# Material to process:
● ● ● ● ● ● ●
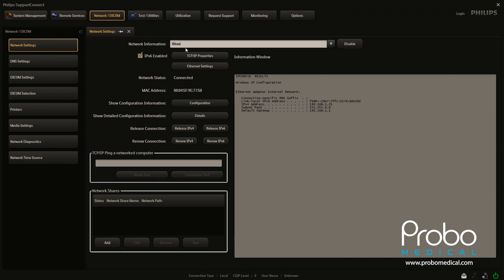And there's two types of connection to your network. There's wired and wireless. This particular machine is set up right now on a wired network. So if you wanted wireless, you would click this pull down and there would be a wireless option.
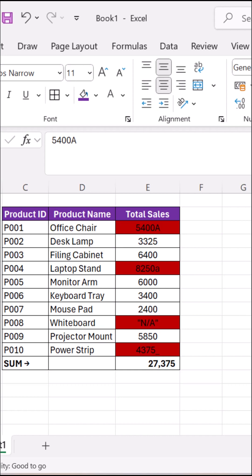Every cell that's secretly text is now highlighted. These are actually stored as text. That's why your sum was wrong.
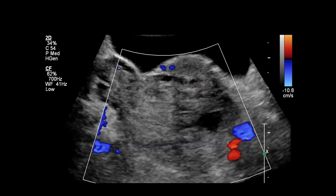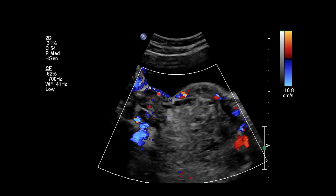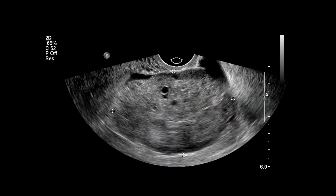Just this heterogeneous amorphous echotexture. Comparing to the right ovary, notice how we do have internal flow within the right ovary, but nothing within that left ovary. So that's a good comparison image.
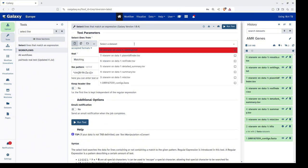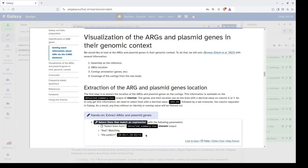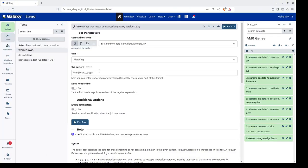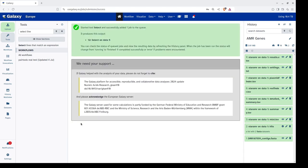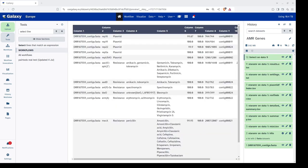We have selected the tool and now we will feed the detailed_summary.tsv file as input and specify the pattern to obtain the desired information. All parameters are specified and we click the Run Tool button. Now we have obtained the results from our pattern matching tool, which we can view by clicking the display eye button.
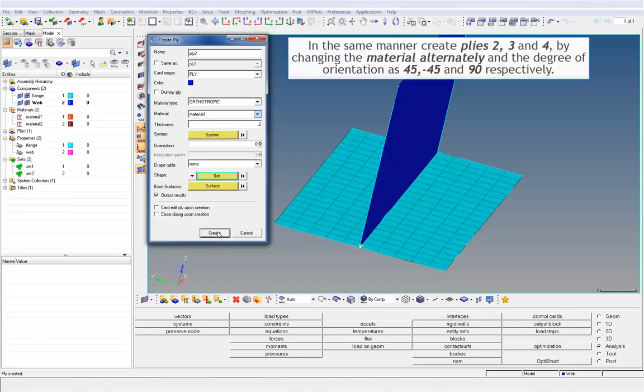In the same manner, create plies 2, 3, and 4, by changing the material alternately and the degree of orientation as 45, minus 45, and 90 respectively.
● ● ● ● ● ● ●
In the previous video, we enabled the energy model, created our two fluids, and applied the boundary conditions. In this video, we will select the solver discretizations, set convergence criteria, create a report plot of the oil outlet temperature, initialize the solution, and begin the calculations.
● ● ● ● ● ● ●
# Exercise objective:
Output exactly those lines of the data above that run from the line with "And there's two" up to and including the line with "Just this heterogeneous". No pictures go in.

# Result for this task:
And there's two types of connection to your network. There's wired and wireless. This particular machine is set up right now on a wired network. So if you wanted wireless, you would click this pull down and there would be a wireless option.
Every cell that's secretly text is now highlighted. These are actually stored as text. That's why your sum was wrong.
Just this heterogeneous amorphous echotexture. Comparing to the right ovary, notice how we do have internal flow within the right ovary, but nothing within that left ovary. So that's a good comparison image.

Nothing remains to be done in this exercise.